#### Recorded information

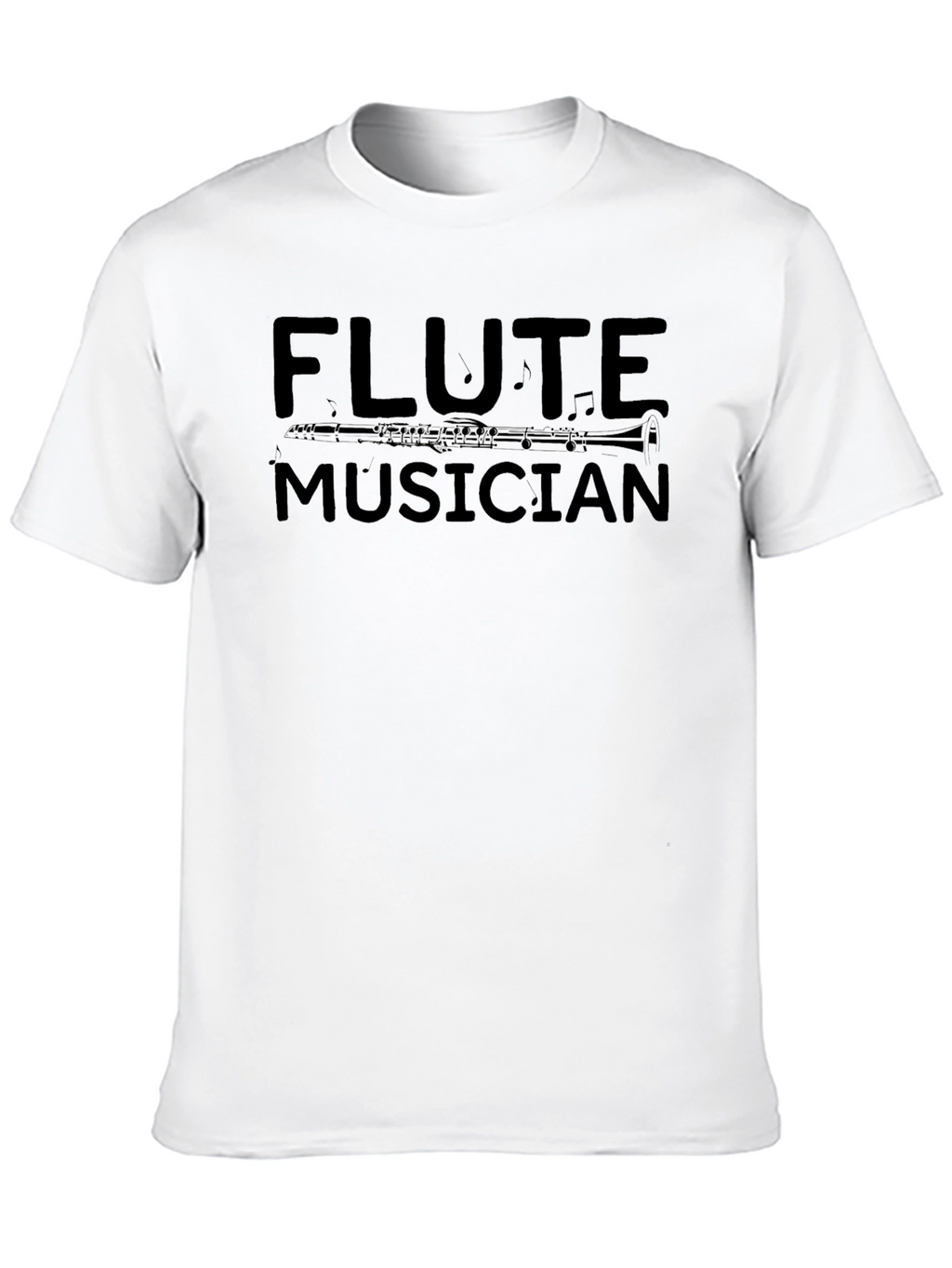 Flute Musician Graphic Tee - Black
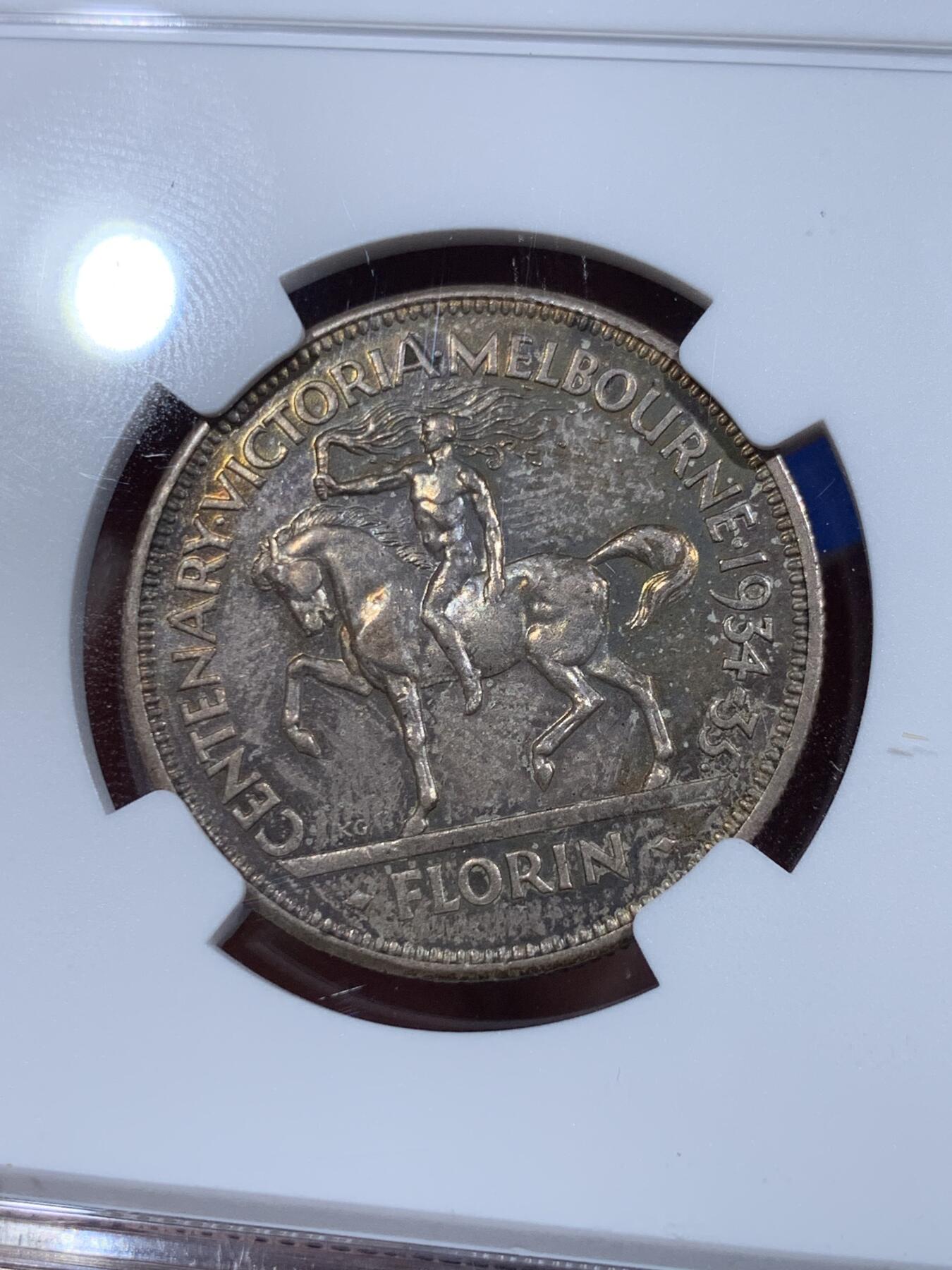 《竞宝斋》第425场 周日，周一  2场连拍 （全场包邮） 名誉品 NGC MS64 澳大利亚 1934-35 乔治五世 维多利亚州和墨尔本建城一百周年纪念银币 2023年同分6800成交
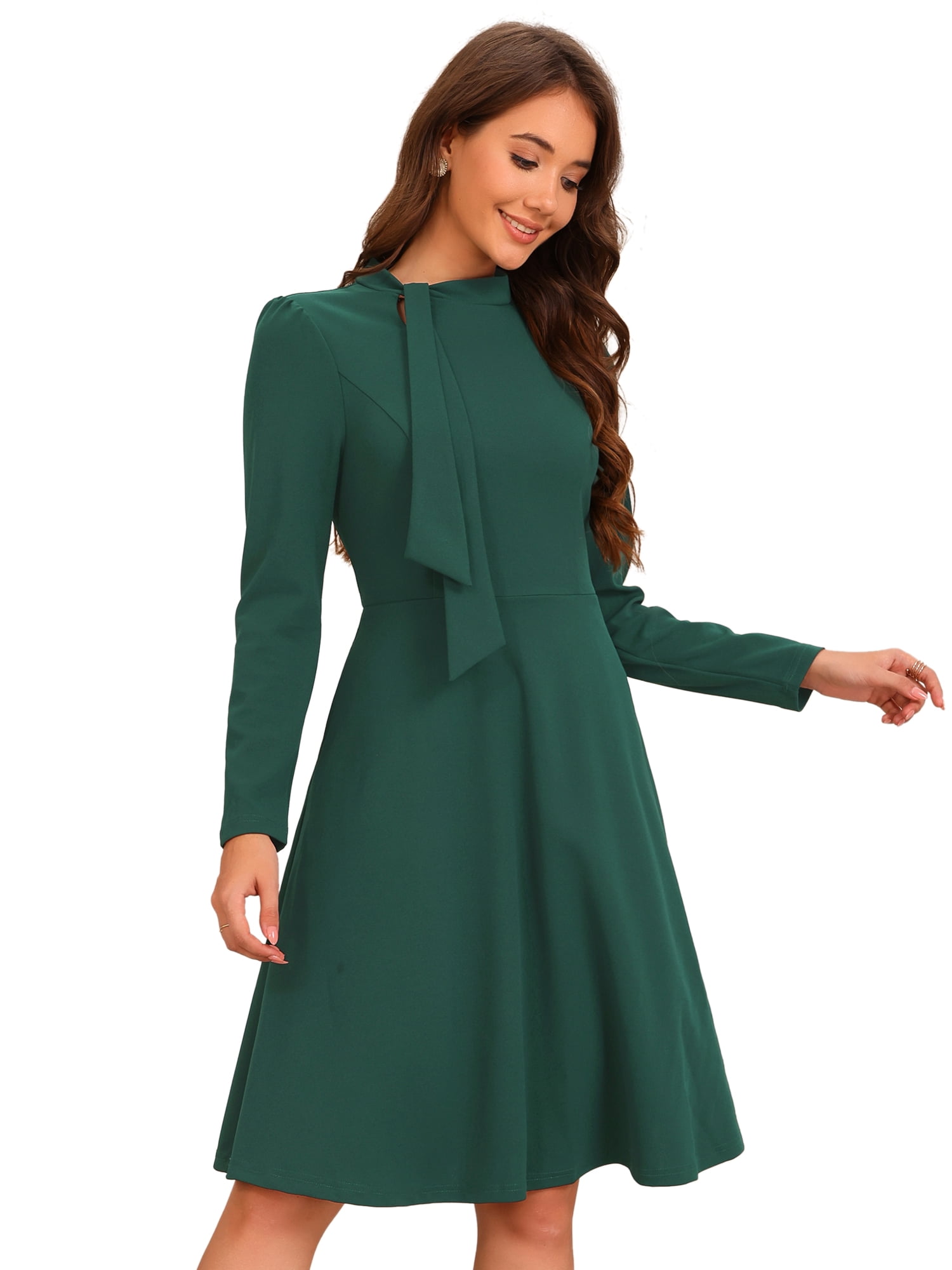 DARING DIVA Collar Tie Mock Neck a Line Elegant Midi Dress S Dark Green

#### Prompt
This task calls for the lines from the line containing "乔治五世 维多利亚州和墨尔本建城一百周年纪念银币 2023年同分6800成交" through the end of the listing, set down exactly and only, with pictures omitted.

#### Answer area
 《竞宝斋》第425场 周日，周一  2场连拍 （全场包邮） 名誉品 NGC MS64 澳大利亚 1934-35 乔治五世 维多利亚州和墨尔本建城一百周年纪念银币 2023年同分6800成交
 DARING DIVA Collar Tie Mock Neck a Line Elegant Midi Dress S Dark Green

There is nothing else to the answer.